If you really want to get a grip on the student’s thinking processes and real strengths and weaknesses, this is the most effective way possible.

If you are forced by bureaucratic rules to get some sort of “objective” numerical measurement, there are lots and lots of tests out there; check the archives of this board with the search button, look for test or evaluation etc., and I’m sure you can find some names and possibly websites.

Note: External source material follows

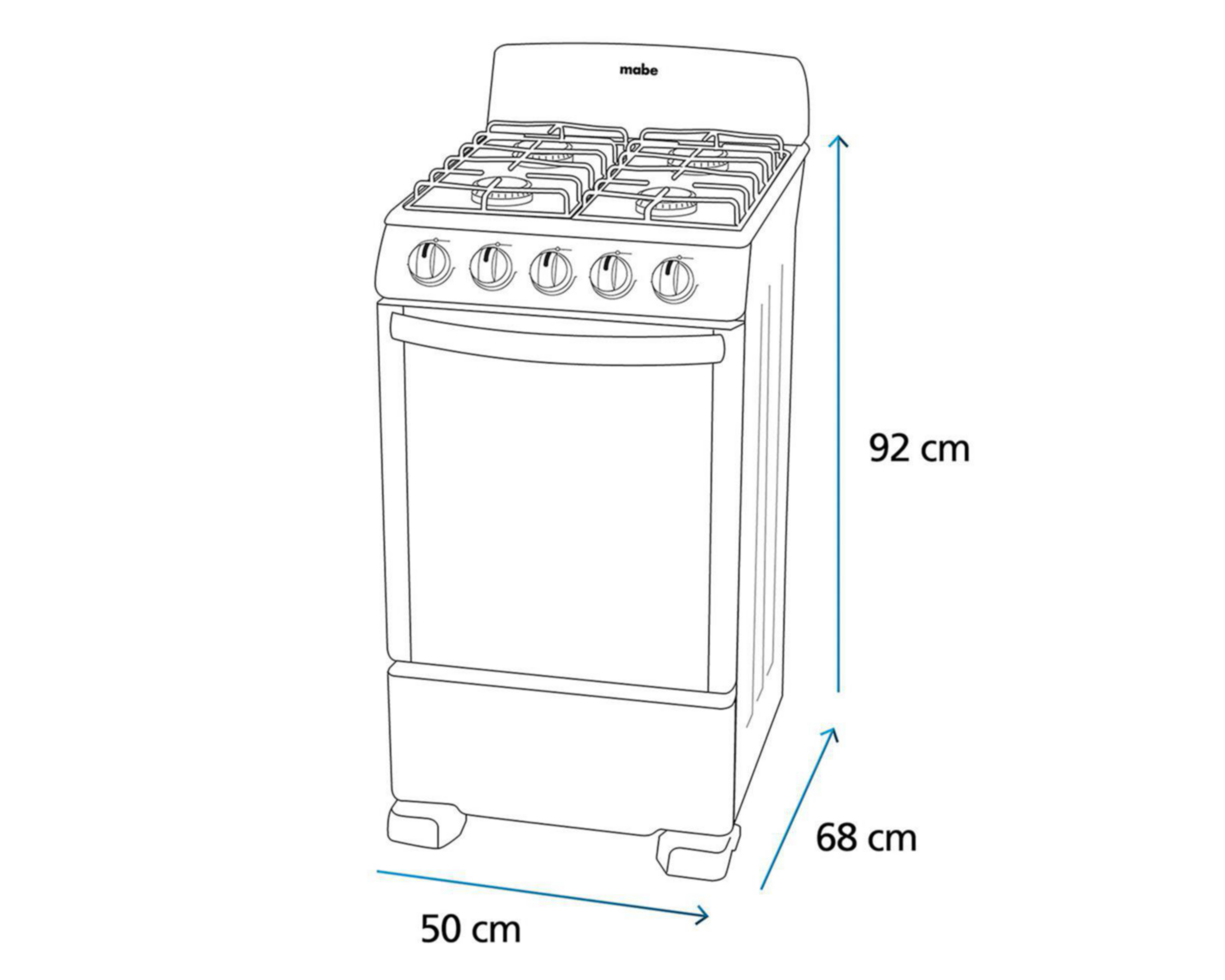 Foto 7 | Estufa Mabe de Piso 50 cm con 4 Quemadores de Gas EM5032BAPS1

Thank you so much! I believe I can use both and satisfy all.victoria wrote:
>
> I can give you an answer that may or may not help you,
> depending on your situation.
>
> I use an intensive-extensive personal interview during the
> first two or three hours of tutoring. I ask the student what
> he/she is having problems with and give sample problems
> either from my own knowledge or a text, and I ask them what
> to do to solve the problem, each step, as I write it down;
> then I ask them to do one on their own. The student shows
> exactly how his/her thinking is operating, and weaknesses are
> easy to pinpoint. For example, if you try to do a
> two/three-digit multiplication problem with carrying, acting
> as a scribe you very quickly find out if place value is
> confused, if the multiplication facts are known or not, if
> numbers get miscopied or lost, and in the final step if
> addition facts are weak. If a student tells me five times
> seven is forty-two, and six plus seven is fourteen, and adds
> the carries before multiplying, I know exactly what is going
> on. Having the student write out and solve a problem shows if
> the numbers are written so badly that the student can’t read
> his/her own work (a common problem by the way) and therefore
> makes errors of misreading, if place values are lined up, if
> steps are omitted, and so on. The same with reading problems
> and setting up multi-step solutions — can the student read
> the words? Does the student comprehend those words? Does
> he/she have any idea of a systematic system for
> problem-solving, or do they just fold up and say they can’t
> do it? (again very common), or do they grab the first number
> at hand and wildly choose any arithmetic operation out of the
> air (the other very common problem). Does he/she write
> something sensible, or just scribble all sorts of numbers all
> over a sheet of “scrap” paper (which I ban absolutely, by the
> way; my work is not trash, thank you very much) and then do
> they copy some random “answer”, without explanation, on
> another sheet? Does the student wait expectantly for marks as
> the only validation (or insist on marking their own paper as
> a necessary ritual), or try to actually see if the work makes
> some sense?
>
> If you really want to get a grip on the student’s thinking
> processes and real strengths and weaknesses, this is the most
> effective way possible.
>
> If you are forced by bureaucratic rules to get some sort of
> “objective” numerical measurement, there are lots and lots of
> tests out there; check the archives of this board with the
> search button, look for test or evaluation etc., and I’m
> sure you can find some names and possibly websites.